I consider that for a moment. “I’m not sure you need my help.”

She lowers her gaze. “Maybe I want it,” she says quietly.

I head toward my storage closet and retrieve my own electric guitar. I slide it over my shoulder by the strap, then grab the amp and speaker. I haul them into the hall and plug everything in.

Then I sit on the speaker. “I can play a Spanish song, too.”

“Really?” she sits up eagerly.

I clear my throat and begin playing El Mariachi from memory. She seems absolutely captivated by me the whole time, despite all the mistakes I make. And when I begin singing in time to the music, her eyes are practically glowing with amazement. And hunger. I don’t ever think I’ve seen her want me more.

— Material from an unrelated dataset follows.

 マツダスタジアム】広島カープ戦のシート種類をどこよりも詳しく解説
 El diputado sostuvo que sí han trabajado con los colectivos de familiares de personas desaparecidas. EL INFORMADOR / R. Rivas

I relish in that gaze, and it only makes me play all the stronger. It’s the best performance of the song I’ve rendered in my life, all for her.

By the time I’m done my throat is raw and my fingers throbbing painfully, but I’m happy I pulled it off.

Rosa claps. “That was the most beautiful thing I’ve ever heard in my life. You’re really good. Like panty-wetting good.”

I can’t answer her. My throat is too dry after all that singing. I need a drink.

I unplug my guitar from the amp and let it rest from my shoulder by the strap. I head to the kitchen and pour myself a glass of water. I drink it all down.

I hear Rosa enter the kitchen behind me.